* ASSIGNED TASK:
With the pictures omitted, output word for word the lines from the one containing "Hyundai Tucson Ultimate FX22YYG Grey #5" through the end of the records.

[Captioned web images]

******

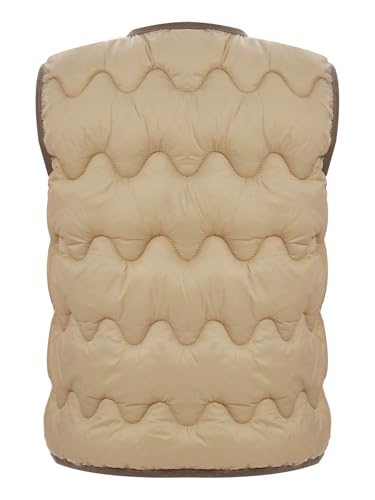 Toddlers Quilted Down Vest Little Girls Padded Puffer Waistcoat Jacket Fall Winter Warm Gilet Outerwear4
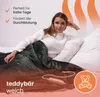 Seranova XXL Elektrische Heizdecke - 180x160cm - 9 Produktbild-Vorschau 5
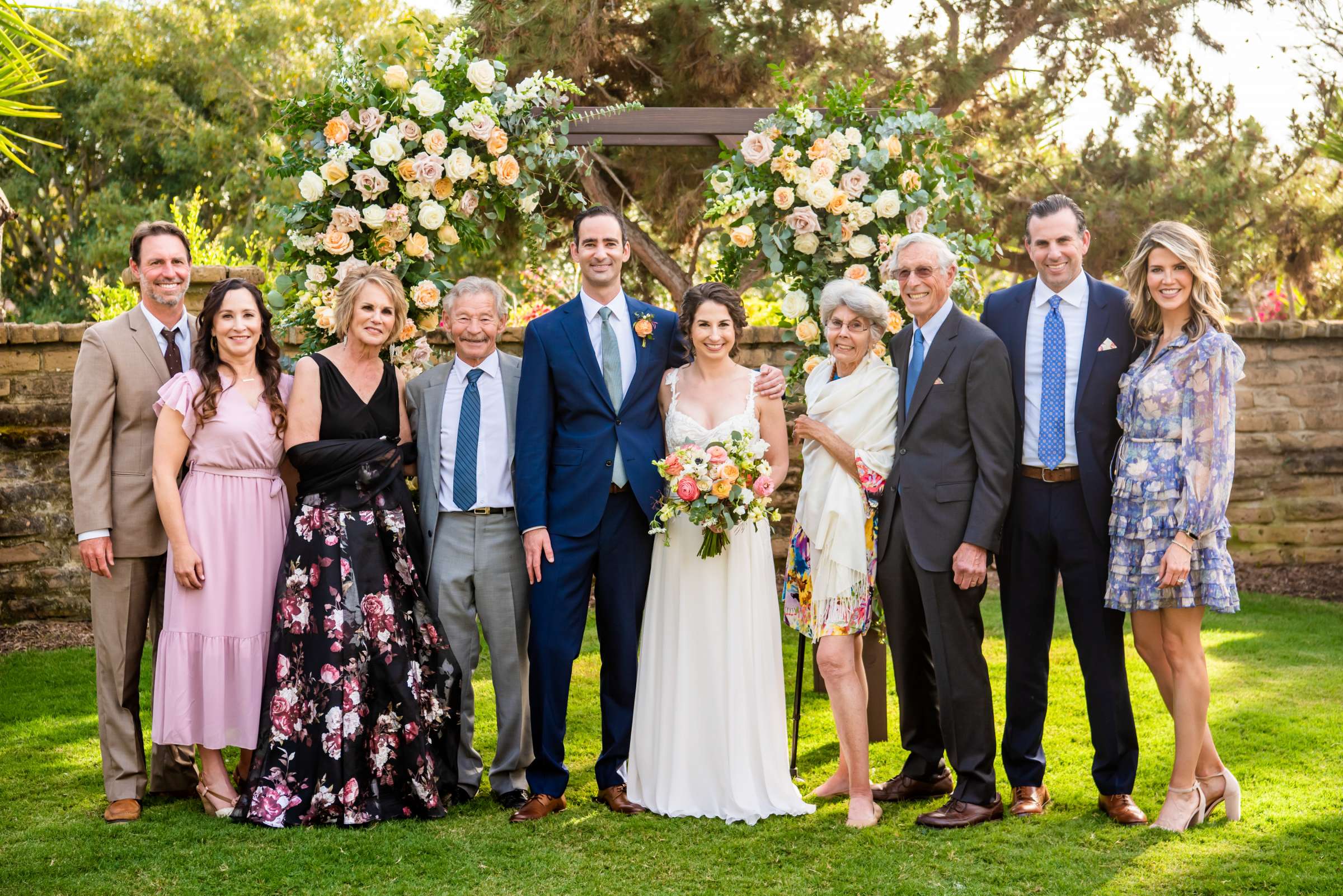 Rancho Valencia Wedding coordinated by Creative Affairs Inc, Talya and Adam Wedding Photo #39 by True Photography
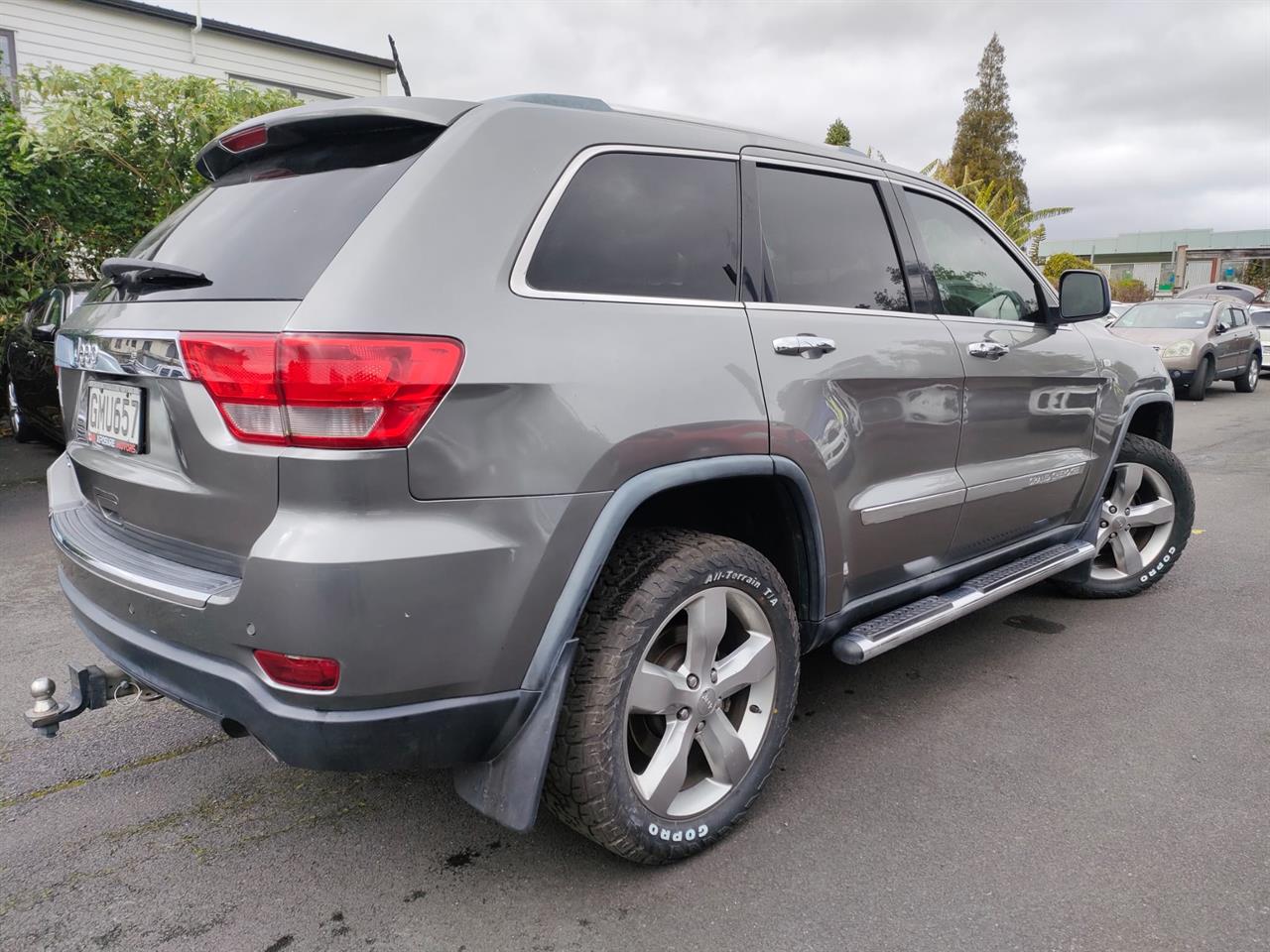 2012 Jeep Grand Cherokee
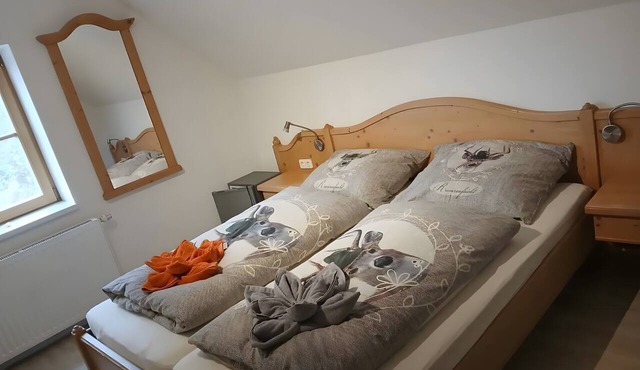 Room with Mountain View and Wi-Fi in Weißenberg in Lamprechtsberg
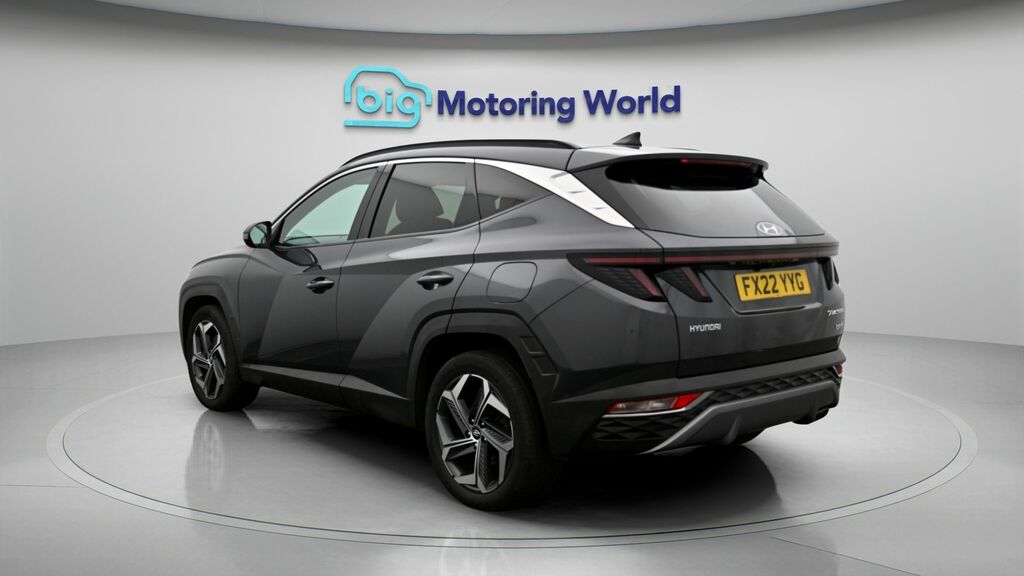 Hyundai Tucson Ultimate FX22YYG Grey #5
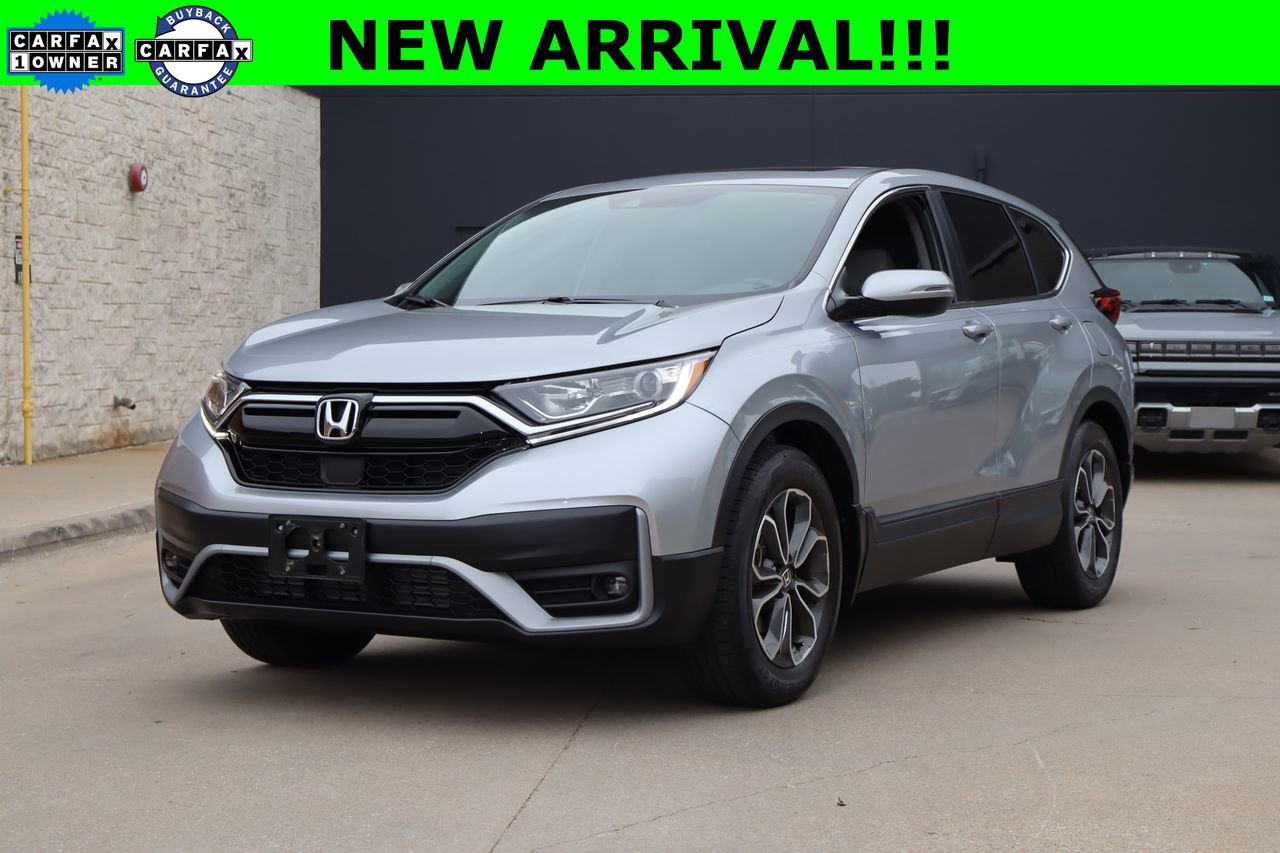 Used 2021 Honda CR-V EX-L image 2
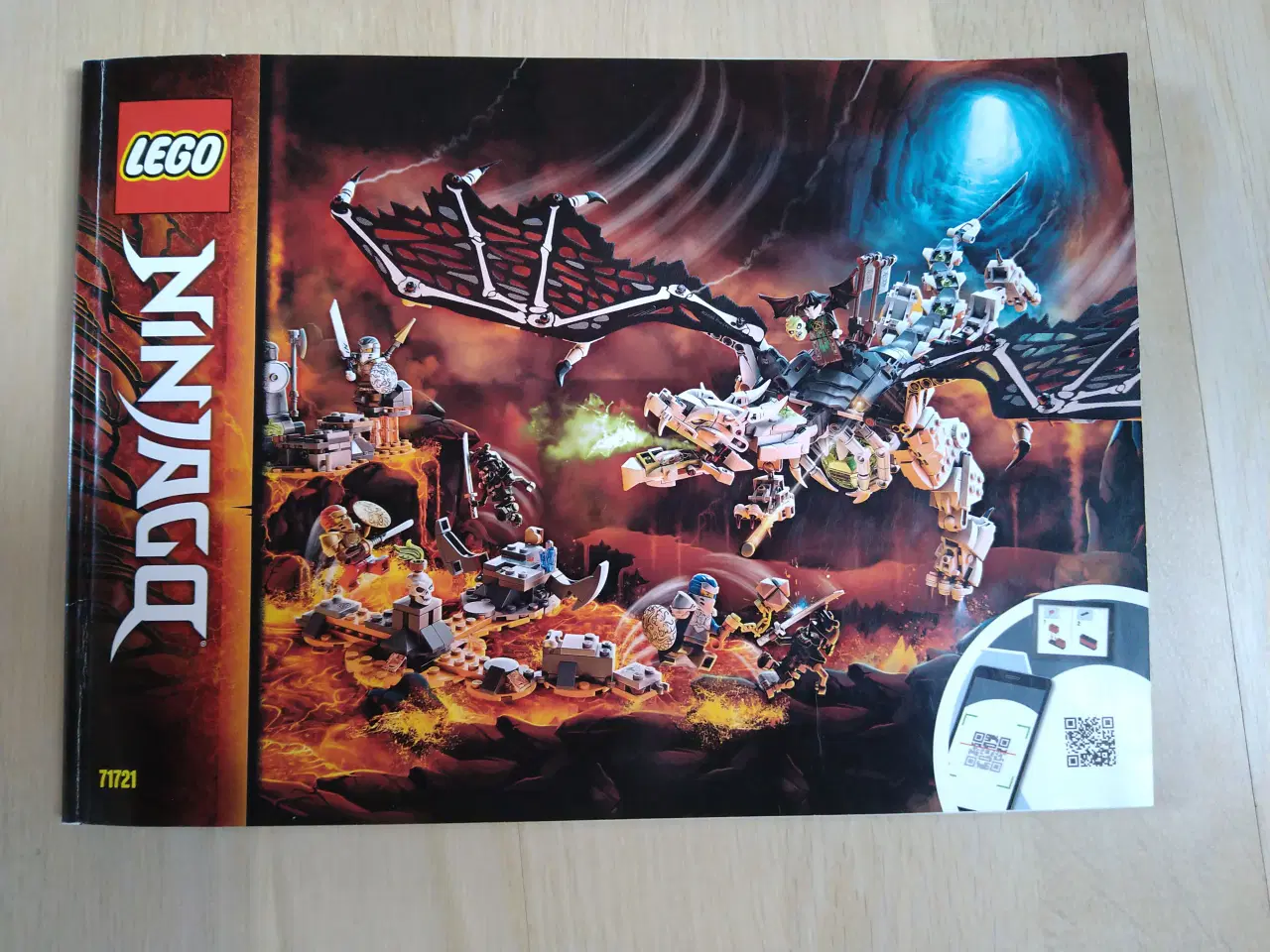 Billede 1 - Kraniemandens drage, sæt nr. 71721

******

* RESULT OF THE EXERCISE:
 Hyundai Tucson Ultimate FX22YYG Grey #5
 Used 2021 Honda CR-V EX-L image 2
 Billede 1 - Kraniemandens drage, sæt nr. 71721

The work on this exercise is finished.